Mais les éditeurs poussent maintenant les feux sur les mobinautes en Inde et en Amérique Latine. Ils espèrent que ces marchés apprécieront leurs efforts pour ne pas exporter seulement une vue asiatique de la beauté. Leurs systèmes retouchent automatiquement mais différemment le visage d'un brun latin par rapport à celui d'un japonais.

Chute libre du marché de la perche à selfies

En revanche, les ventes des fameuses perches télescopiques conçues pour faciliter la prise de vue d'un selfie se sont bien tassées. Sur ce marché difficile à évaluer, Persistence Research prédisait l'an dernier que les fabricants généreraient 6,4 milliards de dollars de recette en 2025, au lieu de 1,9 milliard en 2017.

« On ne prend pas du tout ce chemin-là, observe Melchior Lopez, le PDG de Digit Access, l'un des principaux revendeurs d'accessoire photo pour les professionnels en France, en Espagne et au Portugal. Le marché a baissé au moins de moitié depuis la folie des dernières années. » Distribués à très petit prix par les magasins de souvenirs et les supermarchés, les perches à selfie sont maintenant chez tous les touristes et aucune innovation ne vient justifier le besoin de se rééquiper.
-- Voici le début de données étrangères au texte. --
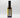 A bottle of Smokin' Ed's Spicy Malt Vinegar - Mild with a black cap and yellow label, shown from the back on a plain white background. The nutrition facts and ingredients list highlight chili powder and garlic powder.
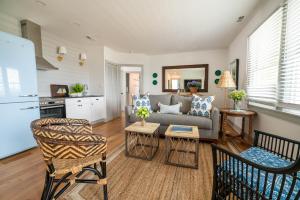 a living room with a couch and a table at The Star Inn in Cape May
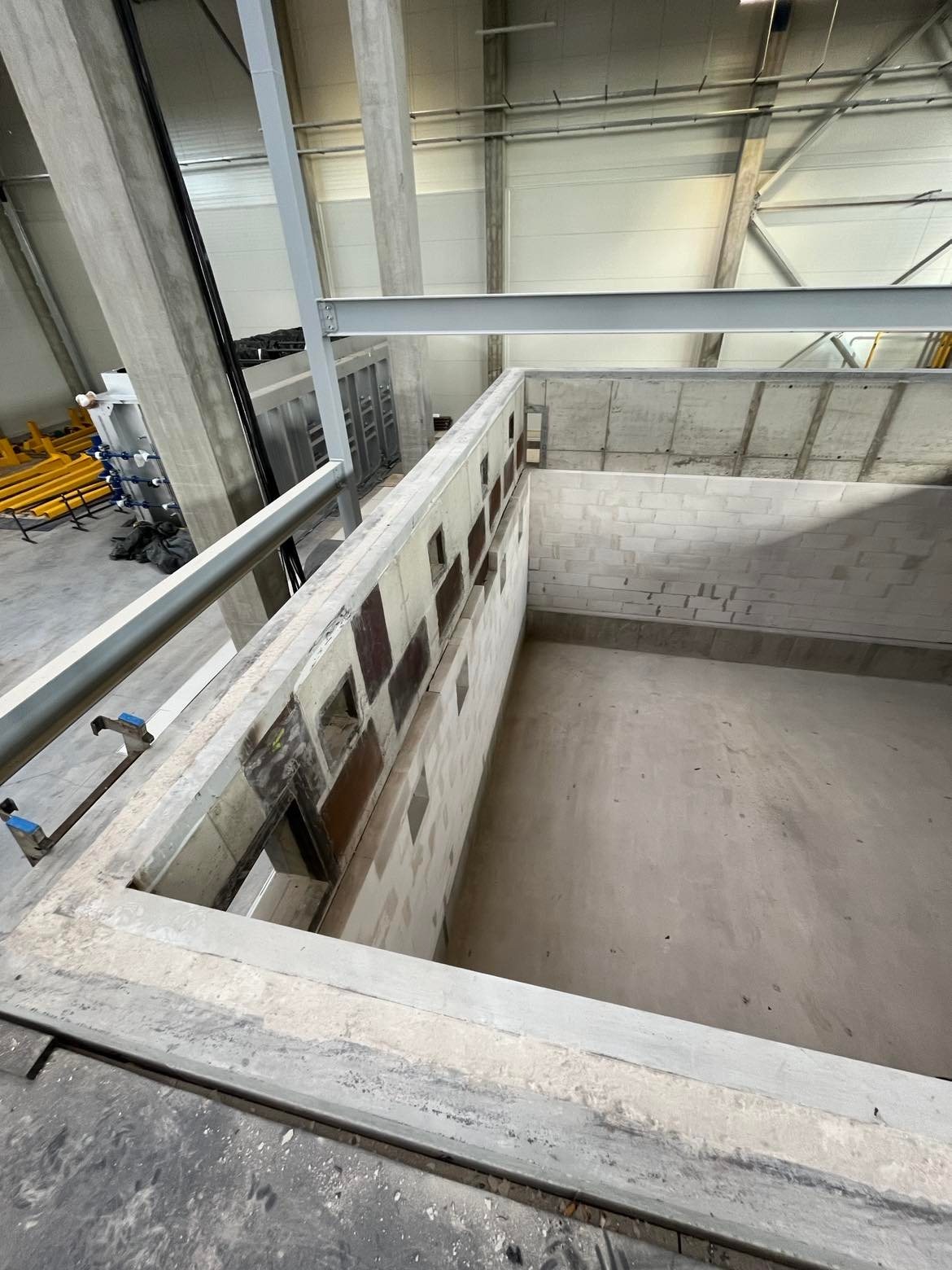 Surowa konstrukcja z betonu komórkowego w hali produkcyjnej z widocznymi otworami w ścianie, wsparta na stalowych belkach i betonowych kolumnach.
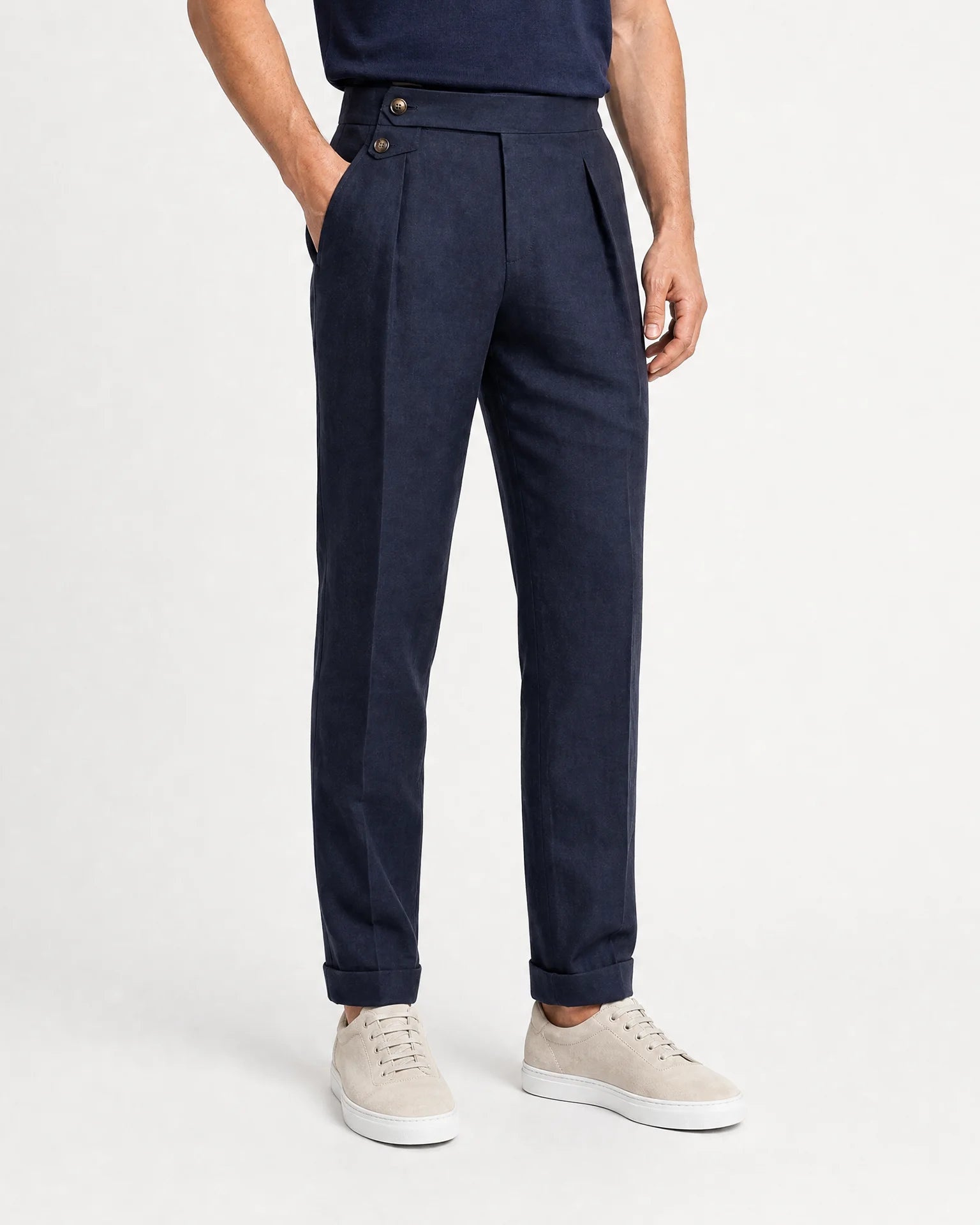 Frontansicht der navyblauen Leinenhose mit geradem Bein, Umschlag und hellen Sneakern.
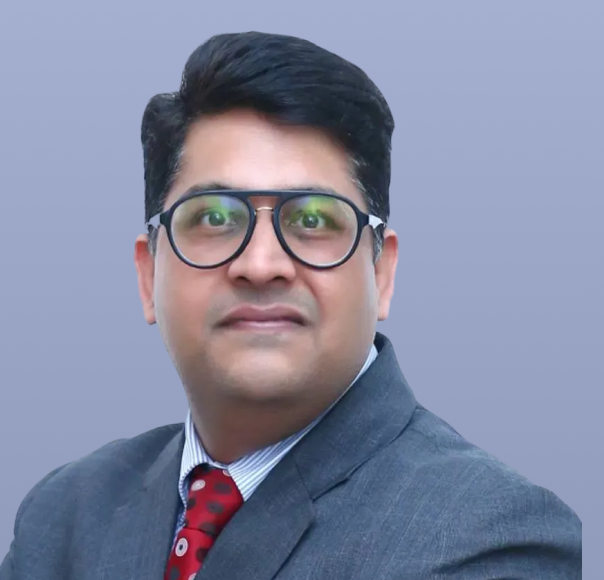 Sumegh Bhatia, a man in a dark suit and tie, is pictured.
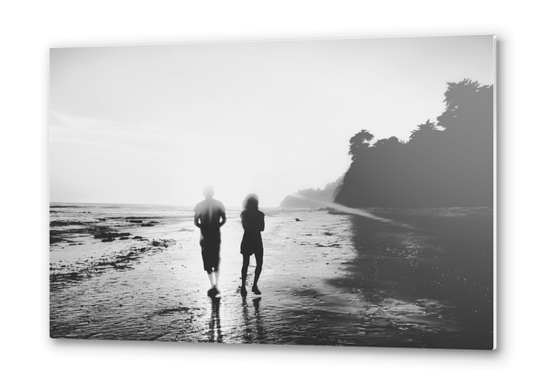 walking on the with sunset light in black and white Metal prints by Timmy333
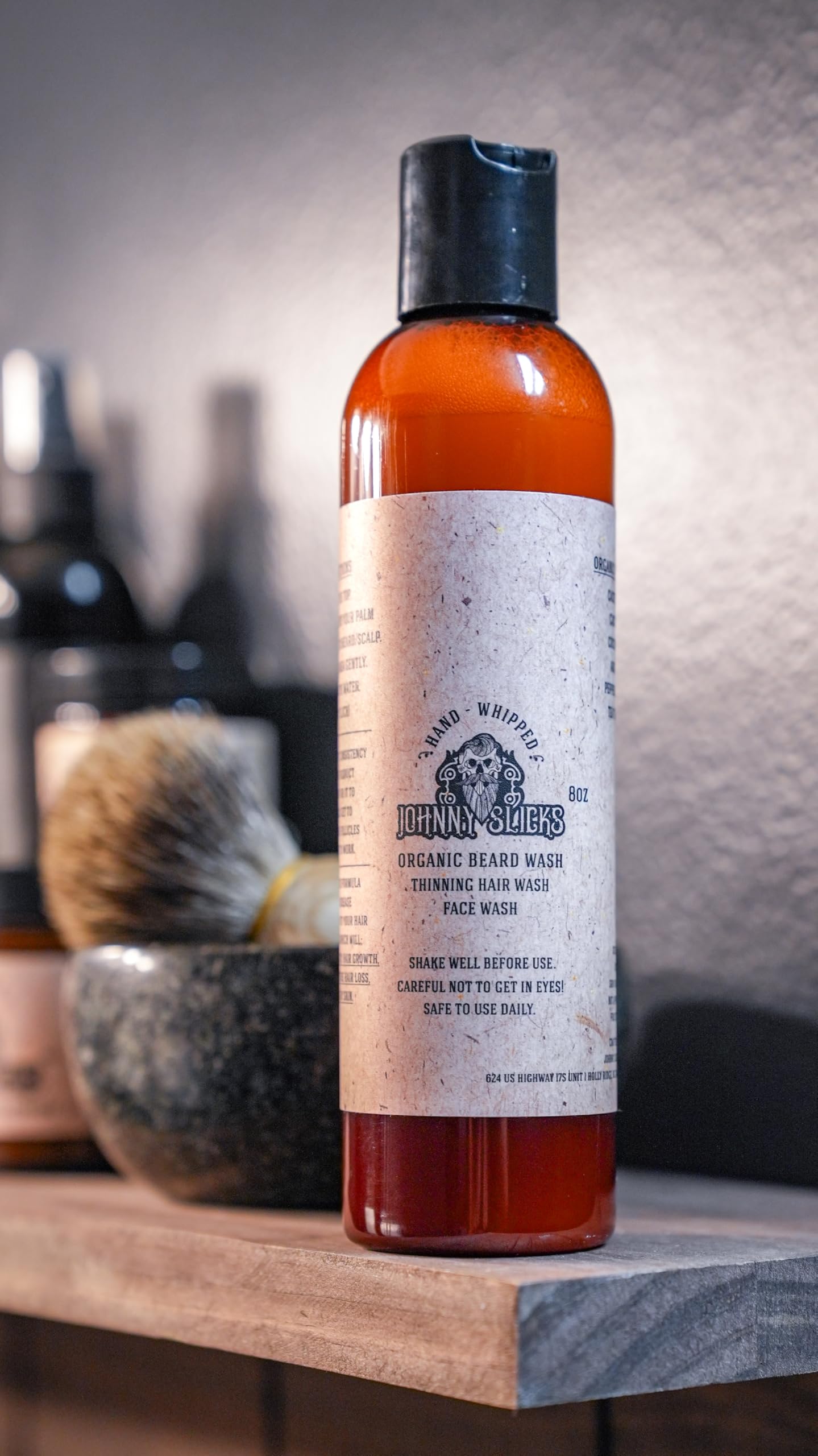 Johnny Slicks bottle in hand showing 8 oz scale for travel-friendly benefit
D'autant que ces perches ont été à l'origine de plusieurs accidents - la perte d'équilibre en prenant un selfie cause plus de morts que les attaques de requins dans le monde - et sont maintenant interdites dans certains musées.

Autre échec, le livre composé exclusivement de selfies de la célébrité Kim Kardashian et intitulé « Selfish » ne s'est vendu qu'à 32.000 exemplaires aux Etats-Unis. Mais ces mêmes images lui ont rapporté bien plus sur les réseaux sociaux.